A woman's memoir of her conversion to Judaism describes her quest to discover a meaningful spirituality in her life, her often difficult struggle to find a home in the Jewish community, and her involvement in Jewish political and intellectual circles.
This book has been on my “to-read” list for so long that I don’t remember why I put it there or what I was expecting, although I assume I was expecting something more informational than introspective. It is (to me) annoyingly introspective, moaning for the first half of the book “the Jews won’t accept me as a convert” and in the second half “Judaism is so patriarchal.” I found it tiresome. At the same time, although she is a half-generation older than I, our shared S.F. Bay Area intellectual community context resonated with me — the struggle to find a place and an authentic voice in institutions built by and for men. Written in the mid-90s, it left me sweetly nostalgic for the world before 9/11, when our own struggles for spiritual identity and against the patriarchy were the most serious ones we faced.
"Memoirs of spiritual journeys often focus on the writer's relationship with God. Visions of grandeur are recounted, and moments of despair or communion with the divine described. But my spiritual journey had a different character, embedded as it was in community and greatly affected by my feelings about it. Its most difficult moments had less to do with God and more to do with the people around me" (p. 187).
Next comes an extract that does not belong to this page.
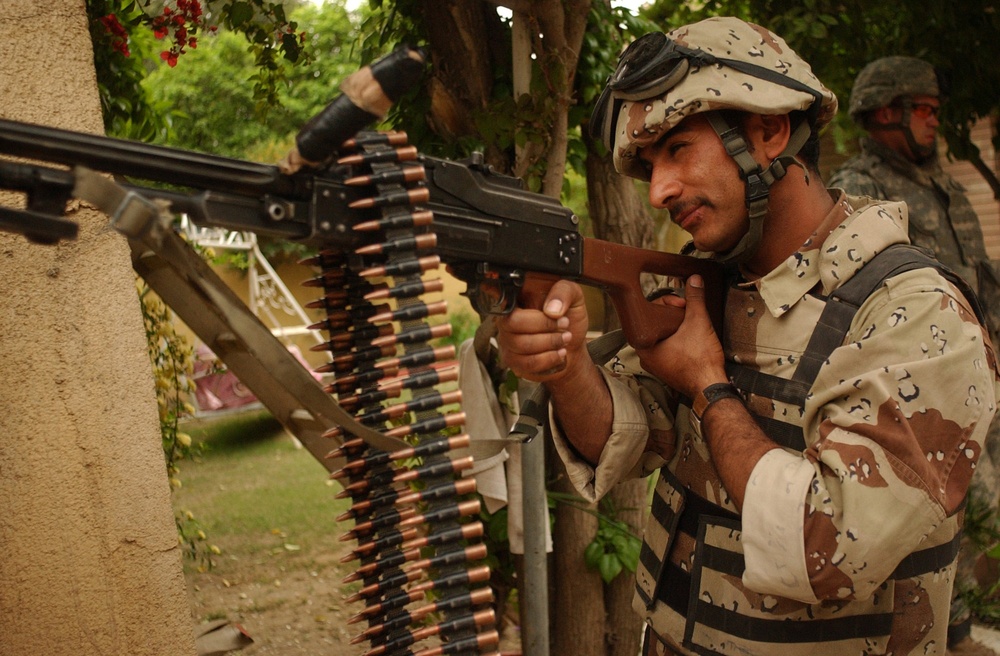 U.S., Iraqi troops cordon and search Ghazaliya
"Just beyond desire was the sweetness of possibility. And so I waited, still the fallow field...I knew it was a sign that the field was readying itself to bring forth life once again" (p. 213).
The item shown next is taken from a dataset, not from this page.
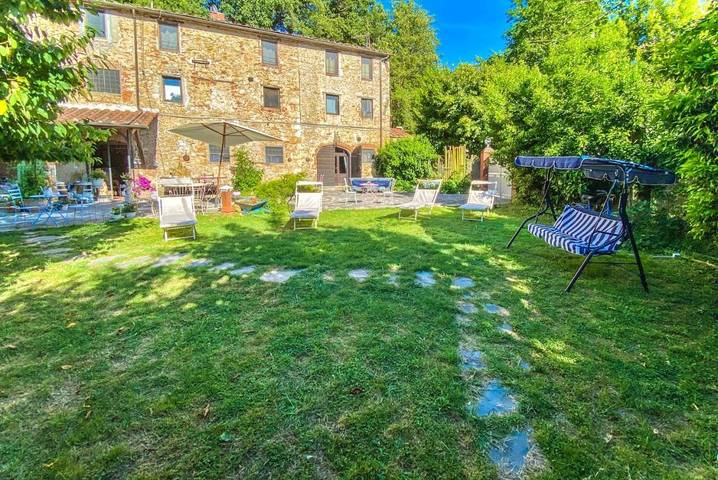 B&b per 3 persone, con Terrazza e Giardino a Pietrasanta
"I am not comfortable summarizing my experience. The truth is so deeply embedded in my life that I cannot separate it without distortion. When I open my imagination, colors and shapes and sounds swirl together as part of the vortex through which I passed on my way to conversion. And when I add snippets of memories, moments that go with words like creek and grandmother and darkness, the vortex becomes larger. And when I think of Baptist Sunday school, and when I remember my parents' home, and my mother's illness, and the way we said grace around the dinner table, and the first time I heard about the Holocaust, I understand even more; and it goes on from there, so that everything I've experienced is significant in the same way that a drop of iodine poured into water is diffused throughout" (p. 31).
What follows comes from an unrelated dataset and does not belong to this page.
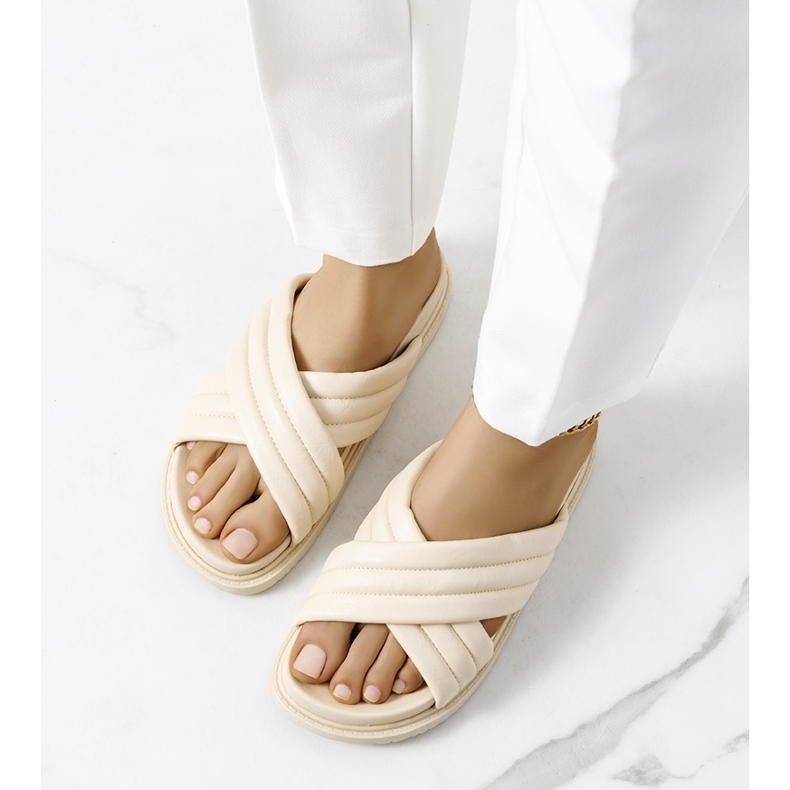 Beiget tossut Daintree-tasolla 2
"Converts, in this view, make a contribution because of their experience in other worlds. We are carriers of light, not supplicants to be suffered. All the effort to teach us, and answer our questions....is holy work" (p. 68).
Nan Fink's "Stranger in the Midst" was fantastic. I've read a few books about converting to Judaism and this is the first one I found that had most of the book take place after the conversion. The conversion wasn't wrapped up with a bow and there was no happily ever-after. But, refreshingly, when is life ever like that? Nan Fink's book was an honest account of her life after conversion, how the religion evolved in her eyes, things she learned about herself, her family. It was refreshing to read.
There are a few parts in particular I thought were particularly interesting/well articulated. Here is one:
"Yet now the expectation of goodness as a convert felt confining, and I strained against it. I didn't want to be better than other Jews, the perfect Ruth. My jewish friends had the freedom to doubt and complain, rebel and reject. If chunks of religion were unacceptable to them, they cut them out. Why shouldn't that be my right? I was as Jewish as they were, so I should be able to deviate from the traditional path without guilt or censure." (Pg 200)
I feel like it speaks for itself/sparks thoughts all on its own.
Overall, I thoroughly enjoyed the book and appreciated a far-too few trodden path of focusing on life after conversion.
I've had this book for over 13 years but only read it now. Gefen comes off as painfully honest, wrestling with many of the issues Jews-By-Choice are familiar with. I've been in the same position in the past year and was delighted to read how she resolved many of them for herself. I especially like her handling of the very patriarchal siddur.